◆ Entries provided:
---

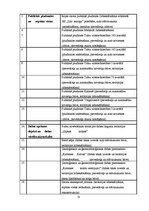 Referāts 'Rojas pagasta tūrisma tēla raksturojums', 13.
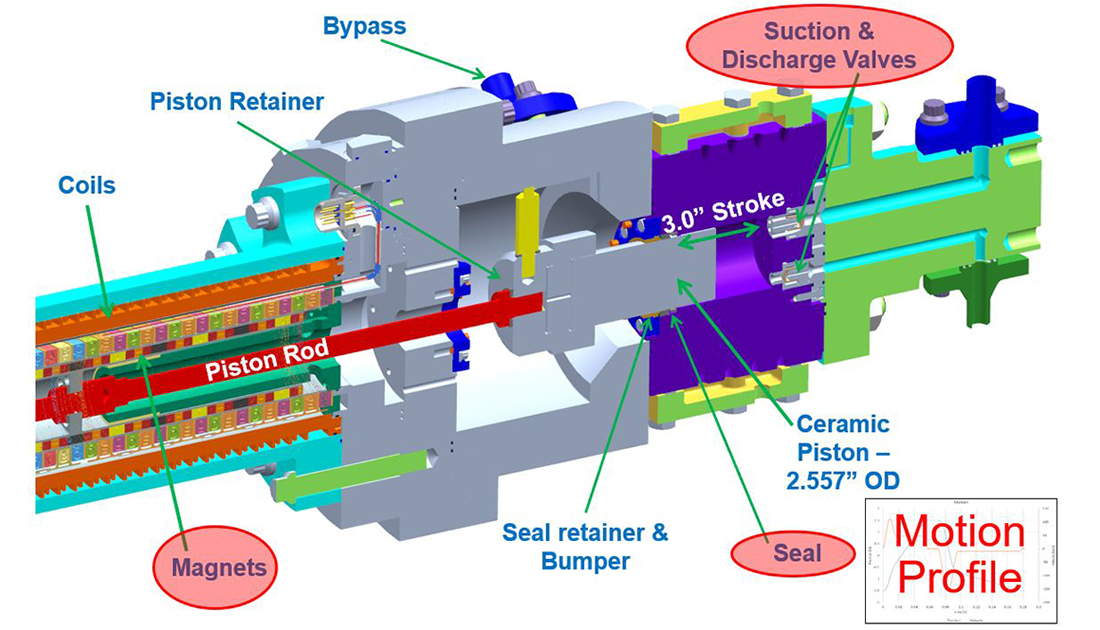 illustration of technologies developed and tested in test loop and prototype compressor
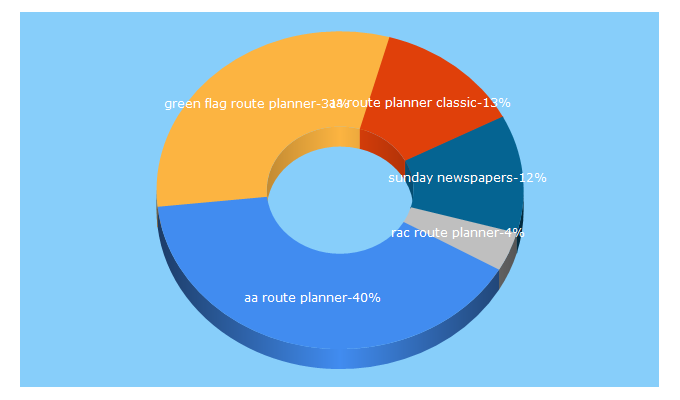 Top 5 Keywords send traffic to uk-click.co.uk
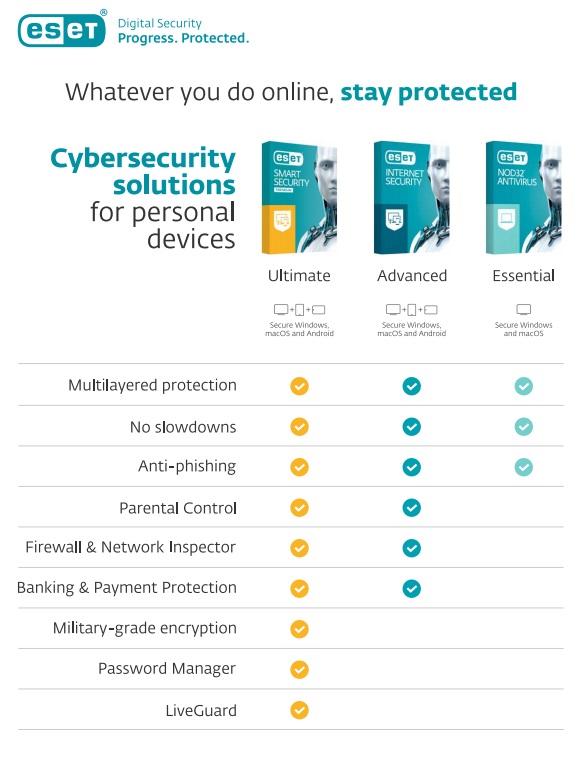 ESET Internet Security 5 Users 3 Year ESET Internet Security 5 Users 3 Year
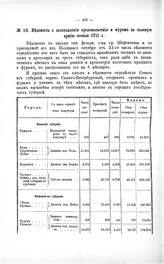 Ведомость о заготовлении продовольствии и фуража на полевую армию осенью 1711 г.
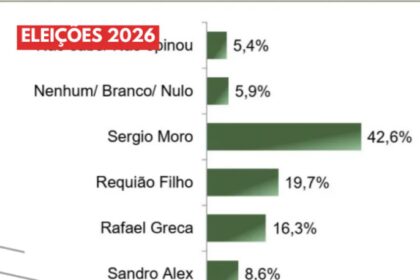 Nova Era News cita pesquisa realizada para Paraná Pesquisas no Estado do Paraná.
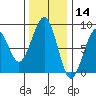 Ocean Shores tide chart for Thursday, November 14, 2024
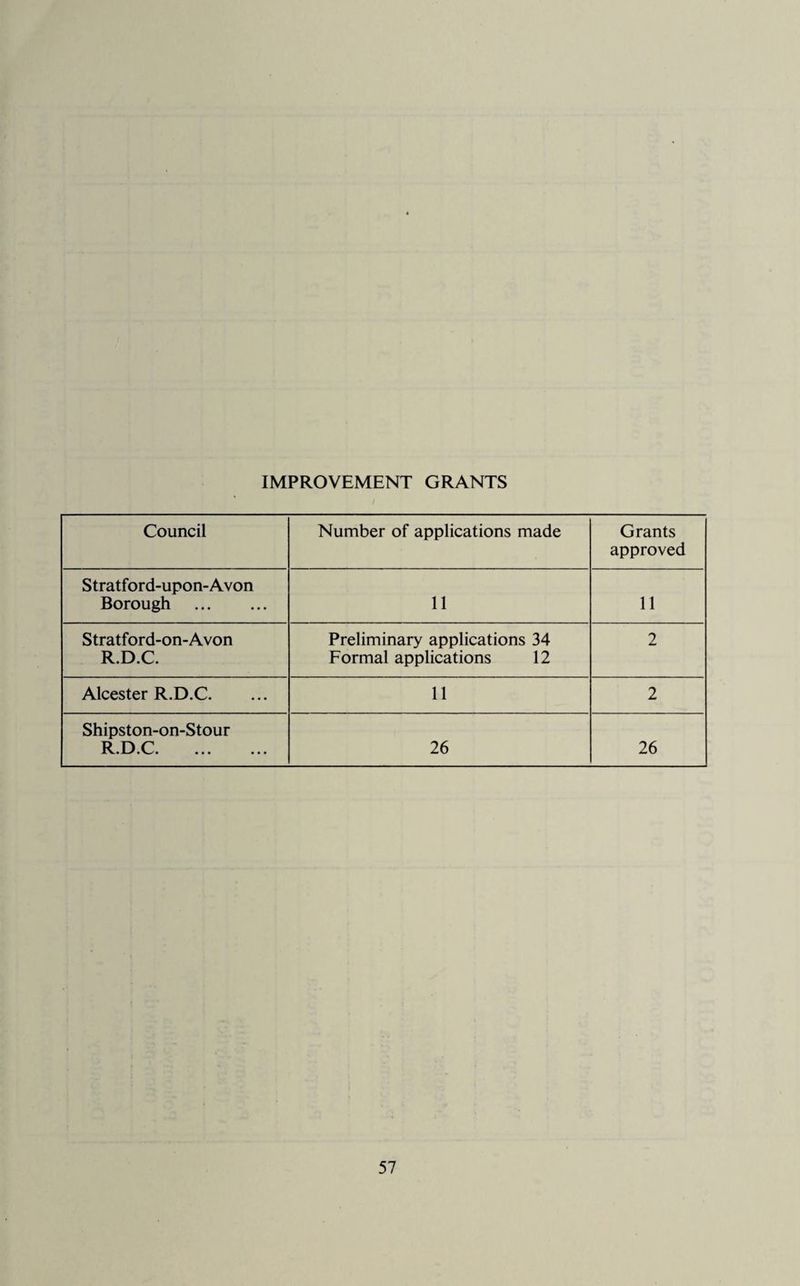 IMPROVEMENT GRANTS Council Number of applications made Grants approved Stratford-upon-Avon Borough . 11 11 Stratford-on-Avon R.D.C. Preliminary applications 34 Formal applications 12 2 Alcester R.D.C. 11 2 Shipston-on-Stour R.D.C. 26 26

---

◆ Task objective: Your reply should give again exactly the lines from the one with "Ocean Shores tide" through the last line of the data, with both ends included and pictures left out.

◆ Task solution:
 Ocean Shores tide chart for Thursday, November 14, 2024
 IMPROVEMENT GRANTS Council Number of applications made Grants approved Stratford-upon-Avon Borough . 11 11 Stratford-on-Avon R.D.C. Preliminary applications 34 Formal applications 12 2 Alcester R.D.C. 11 2 Shipston-on-Stour R.D.C. 26 26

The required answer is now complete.